HUNTSVILLE, ONT. – Employees have long focused on two incentives when choosing a potential employer or staying with their current employer: salary and benefits.

However, a new poll from ADP Canada and Maru Public Opinion found that the pandemic appears to have shifted our priorities. Respondents now prioritize work-life balance as a primary factor in staying with their current employer and when exploring new opportunities.

Lifestyles have come under scrutiny, with 15 percent of survey respondents voluntarily making the transition to a new job or industry or leaving the job market entirely. Focusing on those who work remotely, this is clearly more than the ability to work from home, as 22% decided it was time for a change.

The ability to work remotely was certainly a game-changer, but more importantly, many said it was about balance and the desire to improve their personal lives (33%), to limit workload and stress (29%) and a desire for more flexible hours (28 percent) to complement the top three issues contributing to this emphasis on work-life balance.

The pandemic has proven that many can function anywhere, anytime, and what started as a temporary gap measure quickly turned into a wait. In fact, 9 out of 10 teleworkers would like to work remotely at least part of the time. The result is a change in salary being a key factor (20 percent) with 31 percent of respondents saying that now work-life balance is more important to them.

Numerous other reports have highlighted employees expressing concerns about burnout, lack of support and unsustainable workloads as the lines blurring between their personal and professional lives. Work and life are not separate entities, they are interconnected. Last year made it clear.

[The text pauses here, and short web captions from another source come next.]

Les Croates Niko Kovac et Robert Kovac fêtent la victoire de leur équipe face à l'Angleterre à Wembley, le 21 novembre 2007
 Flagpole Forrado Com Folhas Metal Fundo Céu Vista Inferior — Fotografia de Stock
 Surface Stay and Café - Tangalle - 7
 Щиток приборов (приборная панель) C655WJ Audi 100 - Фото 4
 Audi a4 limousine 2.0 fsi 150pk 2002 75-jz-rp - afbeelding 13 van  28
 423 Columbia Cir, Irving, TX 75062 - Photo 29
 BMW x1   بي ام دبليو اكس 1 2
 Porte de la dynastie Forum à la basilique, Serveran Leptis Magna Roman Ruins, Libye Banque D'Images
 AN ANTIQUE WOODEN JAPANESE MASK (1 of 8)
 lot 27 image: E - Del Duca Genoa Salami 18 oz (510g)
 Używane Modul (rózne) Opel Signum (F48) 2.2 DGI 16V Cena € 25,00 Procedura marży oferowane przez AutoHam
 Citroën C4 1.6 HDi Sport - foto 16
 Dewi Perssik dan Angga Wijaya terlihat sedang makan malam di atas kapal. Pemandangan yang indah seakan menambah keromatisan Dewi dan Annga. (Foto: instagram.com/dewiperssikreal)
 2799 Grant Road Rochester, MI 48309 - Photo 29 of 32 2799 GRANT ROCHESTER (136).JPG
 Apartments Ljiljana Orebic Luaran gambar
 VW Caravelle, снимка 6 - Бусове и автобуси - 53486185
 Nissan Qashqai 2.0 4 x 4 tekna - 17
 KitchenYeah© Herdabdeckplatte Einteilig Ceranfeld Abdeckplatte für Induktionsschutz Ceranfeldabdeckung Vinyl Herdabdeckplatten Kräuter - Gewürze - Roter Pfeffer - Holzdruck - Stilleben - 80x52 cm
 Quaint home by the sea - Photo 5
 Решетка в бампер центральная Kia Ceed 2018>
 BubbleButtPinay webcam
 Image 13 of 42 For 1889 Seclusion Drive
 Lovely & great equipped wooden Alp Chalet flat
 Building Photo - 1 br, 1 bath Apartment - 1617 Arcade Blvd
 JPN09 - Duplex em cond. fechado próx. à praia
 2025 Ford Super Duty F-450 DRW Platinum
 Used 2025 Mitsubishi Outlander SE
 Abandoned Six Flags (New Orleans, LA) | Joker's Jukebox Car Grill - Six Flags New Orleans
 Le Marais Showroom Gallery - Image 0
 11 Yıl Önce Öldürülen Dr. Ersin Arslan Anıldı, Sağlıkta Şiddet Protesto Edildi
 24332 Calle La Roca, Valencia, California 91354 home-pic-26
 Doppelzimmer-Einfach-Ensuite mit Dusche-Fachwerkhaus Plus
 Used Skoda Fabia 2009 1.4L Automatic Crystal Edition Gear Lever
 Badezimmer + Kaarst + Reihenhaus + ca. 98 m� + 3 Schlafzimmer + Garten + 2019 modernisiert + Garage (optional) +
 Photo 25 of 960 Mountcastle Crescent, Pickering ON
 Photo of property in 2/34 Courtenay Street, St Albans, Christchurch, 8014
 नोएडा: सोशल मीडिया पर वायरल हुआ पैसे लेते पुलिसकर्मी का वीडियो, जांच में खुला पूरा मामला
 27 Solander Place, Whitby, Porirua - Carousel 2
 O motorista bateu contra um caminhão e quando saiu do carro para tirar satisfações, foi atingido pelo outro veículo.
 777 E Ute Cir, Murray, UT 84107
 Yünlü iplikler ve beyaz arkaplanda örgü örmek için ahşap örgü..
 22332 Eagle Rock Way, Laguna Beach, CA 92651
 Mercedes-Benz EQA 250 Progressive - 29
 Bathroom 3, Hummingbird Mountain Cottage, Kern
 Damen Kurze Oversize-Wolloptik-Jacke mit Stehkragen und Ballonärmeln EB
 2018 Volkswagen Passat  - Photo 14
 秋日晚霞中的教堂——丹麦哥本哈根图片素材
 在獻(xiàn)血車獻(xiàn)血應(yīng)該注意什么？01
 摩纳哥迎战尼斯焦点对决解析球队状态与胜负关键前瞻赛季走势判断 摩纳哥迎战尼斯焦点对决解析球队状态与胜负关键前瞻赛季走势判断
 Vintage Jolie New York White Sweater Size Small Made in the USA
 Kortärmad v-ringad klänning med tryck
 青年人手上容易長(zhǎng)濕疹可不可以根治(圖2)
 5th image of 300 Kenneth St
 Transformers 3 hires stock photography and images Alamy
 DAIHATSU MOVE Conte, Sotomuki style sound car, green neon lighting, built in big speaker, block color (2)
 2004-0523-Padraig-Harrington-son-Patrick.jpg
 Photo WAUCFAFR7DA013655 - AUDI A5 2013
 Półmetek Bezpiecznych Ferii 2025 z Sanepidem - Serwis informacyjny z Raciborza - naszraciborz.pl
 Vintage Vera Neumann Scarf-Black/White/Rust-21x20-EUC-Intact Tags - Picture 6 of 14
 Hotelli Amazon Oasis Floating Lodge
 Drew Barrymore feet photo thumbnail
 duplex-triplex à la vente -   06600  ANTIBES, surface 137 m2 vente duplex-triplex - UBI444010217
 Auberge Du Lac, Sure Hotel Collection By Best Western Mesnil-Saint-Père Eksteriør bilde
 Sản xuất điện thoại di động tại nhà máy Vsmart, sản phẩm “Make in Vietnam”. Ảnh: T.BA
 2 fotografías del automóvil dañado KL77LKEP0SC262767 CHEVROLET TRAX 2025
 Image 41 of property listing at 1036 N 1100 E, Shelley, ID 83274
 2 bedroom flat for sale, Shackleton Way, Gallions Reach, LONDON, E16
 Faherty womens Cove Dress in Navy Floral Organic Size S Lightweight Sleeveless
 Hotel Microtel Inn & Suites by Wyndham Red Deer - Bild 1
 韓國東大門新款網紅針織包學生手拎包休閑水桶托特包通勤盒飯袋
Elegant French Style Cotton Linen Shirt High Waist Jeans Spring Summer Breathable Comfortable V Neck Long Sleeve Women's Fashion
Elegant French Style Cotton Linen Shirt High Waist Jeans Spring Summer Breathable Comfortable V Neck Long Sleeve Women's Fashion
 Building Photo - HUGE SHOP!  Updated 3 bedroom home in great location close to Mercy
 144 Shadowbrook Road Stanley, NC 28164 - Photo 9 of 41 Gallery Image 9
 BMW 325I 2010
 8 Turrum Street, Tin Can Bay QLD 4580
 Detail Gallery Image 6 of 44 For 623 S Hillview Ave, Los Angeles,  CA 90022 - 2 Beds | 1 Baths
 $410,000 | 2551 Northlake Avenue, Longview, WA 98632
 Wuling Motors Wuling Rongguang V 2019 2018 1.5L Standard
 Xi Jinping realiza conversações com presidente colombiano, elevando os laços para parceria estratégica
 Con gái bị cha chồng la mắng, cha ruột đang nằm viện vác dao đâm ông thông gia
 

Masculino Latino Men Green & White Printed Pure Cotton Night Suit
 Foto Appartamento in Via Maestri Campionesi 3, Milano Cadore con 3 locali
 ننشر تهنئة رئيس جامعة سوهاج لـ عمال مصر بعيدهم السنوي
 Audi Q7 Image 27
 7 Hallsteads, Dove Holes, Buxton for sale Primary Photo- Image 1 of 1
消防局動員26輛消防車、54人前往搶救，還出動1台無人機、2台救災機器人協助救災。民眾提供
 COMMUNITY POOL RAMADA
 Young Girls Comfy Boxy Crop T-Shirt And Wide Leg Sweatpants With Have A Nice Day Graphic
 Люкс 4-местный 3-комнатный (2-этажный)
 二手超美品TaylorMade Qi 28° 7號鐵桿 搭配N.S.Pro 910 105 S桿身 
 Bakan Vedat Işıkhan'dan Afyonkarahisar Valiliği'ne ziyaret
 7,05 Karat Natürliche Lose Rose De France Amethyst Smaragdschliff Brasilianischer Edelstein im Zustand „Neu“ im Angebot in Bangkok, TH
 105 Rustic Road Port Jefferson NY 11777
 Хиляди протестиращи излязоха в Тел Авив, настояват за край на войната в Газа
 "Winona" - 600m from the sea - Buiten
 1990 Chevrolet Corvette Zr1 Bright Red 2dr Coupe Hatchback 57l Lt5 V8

These data points are essential.

According to the survey, 19 percent of those employed were approached by a competing employer in the past six months offering better working conditions. When asked about their next change between work and personal life, 63 percent of Canadians started to think about it.

Conclusion: the war for talent is real. Pay now appears as a secondary consideration, with 32 percent of respondents now saying that a workplace that respects their work-life balance is more important to them when looking for a job.